Settlement Claims Are Not Capital Gains, Federal Circuit Rules

By Jonathan R. Tung, Esq. on January 27, 2016 | Last updated on March 21, 2019

As if guiding taxpayers away from the hazards of the tax code, the Federal Circuit drew a line: settlement payments are not capital gains; they're regular income.

The difference between capital gain and regular income is material when the different tax liabilities are taken into account. In either case, settlements paid in exchange for someone to go away do not qualify as a "sale or exchange of a capital asset."

Income or Capital Gain?

In the case at bar, a plaintiff called off his employment discrimination claim against his former employer in exchange for a settlement payment from the company. He worked as a consultant. While doing his taxes, he first filed his settlement payment as regular income. Then he later amended his return and reclassified the settlement proceeds as a capital gains.

The IRS denied his reclassification and the consultant challenged the IRS in the Court of Federal Claims. The government won. On appeal, the government won again.

I.R.C. sec. 1221(1), (3)

A capital gain is defined by Internal Revenue Code sec. 1221 as a "gain from the sale or exchange of a capital asset." So, the preferential capital gains rate is out of reach for those people who cannot prove that a "capital asset" was sold.

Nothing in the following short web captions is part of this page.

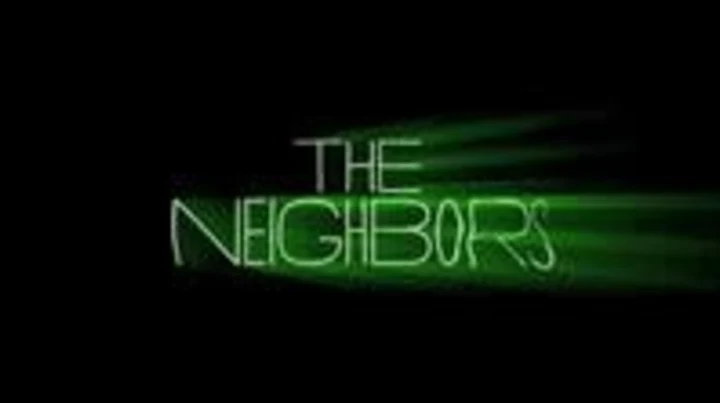 The Neighbors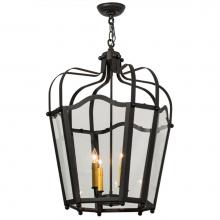 2nd Ave Designs 200081-71 - 22''W Citadel 4 LT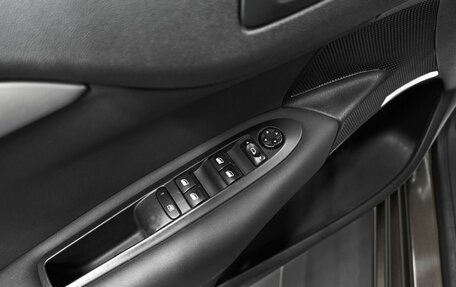 Citroen C4 II рестайлинг, 2011 год, 645 000 рублей, 18 фотография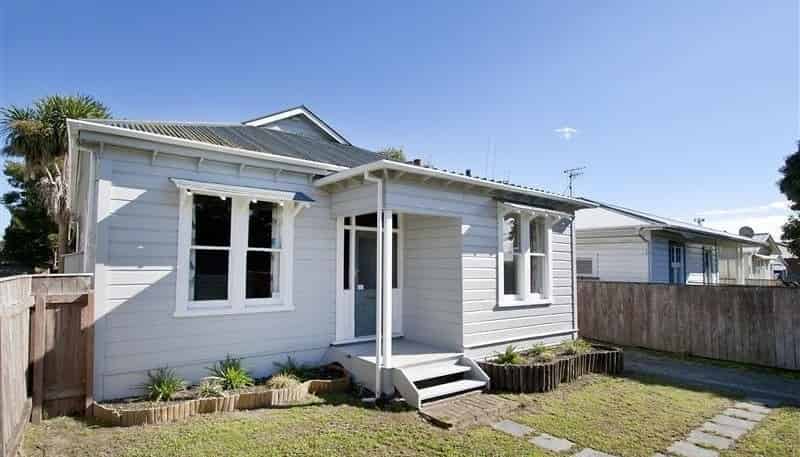 22 Morris Street, Hokowhitu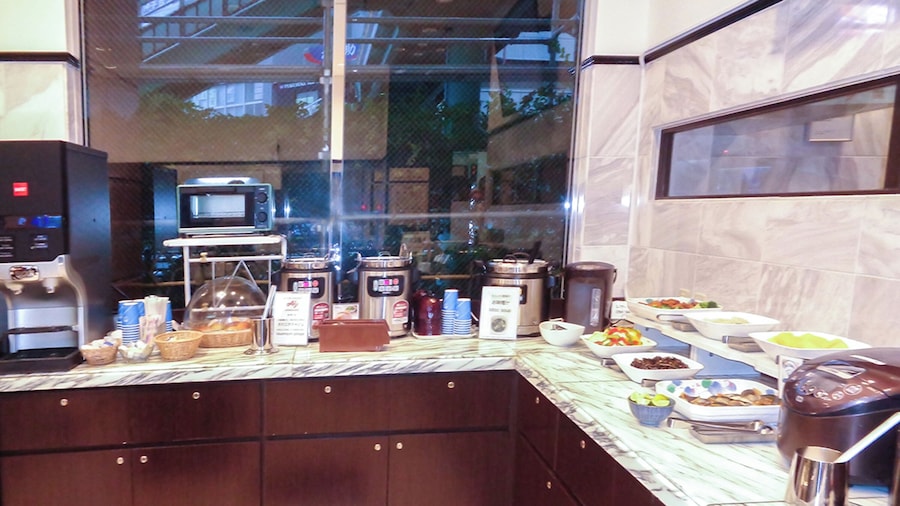 Toyoko Inn Tokushima Ekimae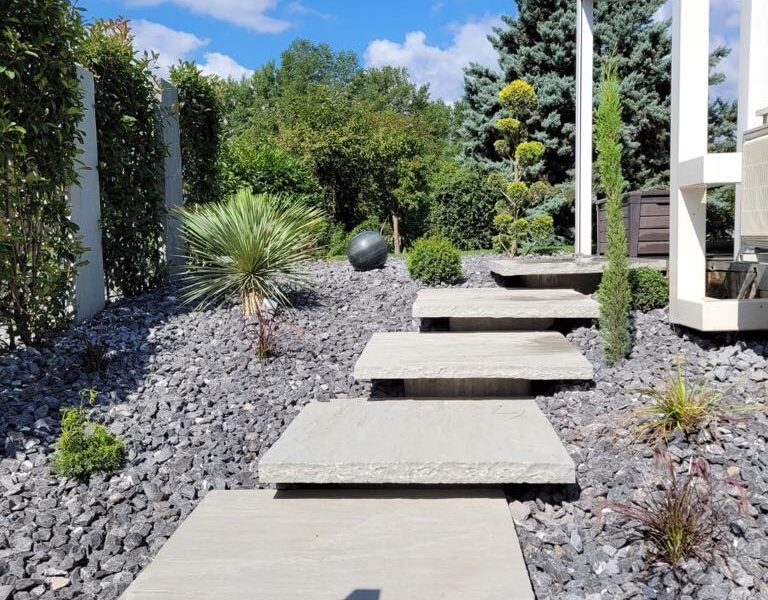 ESPACES VERTS JL LIPP & FILS - Paysagiste/Pisciniste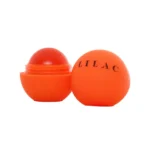 LILAC PREMIUM TINTED LIP BALM – ORANGE PIE WITH SPF15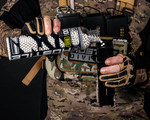 HK Army Hostile Bio Airsoft BB's - .32g - 2700ct - White
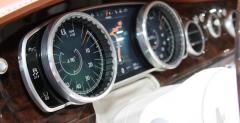Bentley EXP-9 F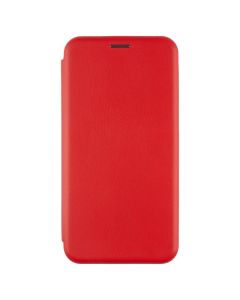 Чехол кейс для Samsung A50/A30s Kira Shell Красный (Red)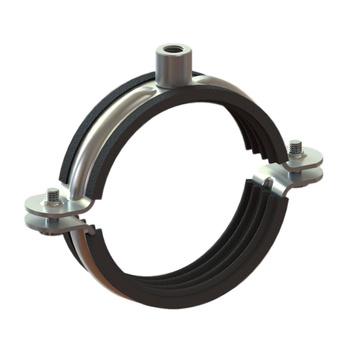 Obejma mocująca NICZUK EXPERT OGUPG 112-118 mm 114 (ocynk ogniowy)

For most people, the usual meaning covers the sale of personal goods that one can see and touch, as well as assets of the equity variety: stocks, bonds, ETFs, and other securities.

The consultant pushed the idea that the settlement income actually represented restitution for goodwill that he lost in his financial consulting business. Although it was possible for a sale of goodwill to occur, it had in the past only occurred when the goodwill was being sold with the business, dust mites and all. Since there was no sale of the business, that case law would not help the consultant.

Go Away

Additionally, the court relied on the language of the Sixth Circuit case National-Standard Co. v. Commissioner: "where one party to the transaction receives neither property nor money or its equivalent, there is no 'sale or exchange'." In this case, the former employer received no such property -- it only gained the relief of the consultant going away.

But seriously ... isn't it a "money equivalent" to get a previously litigious party to back off and leave you alone? Guess not.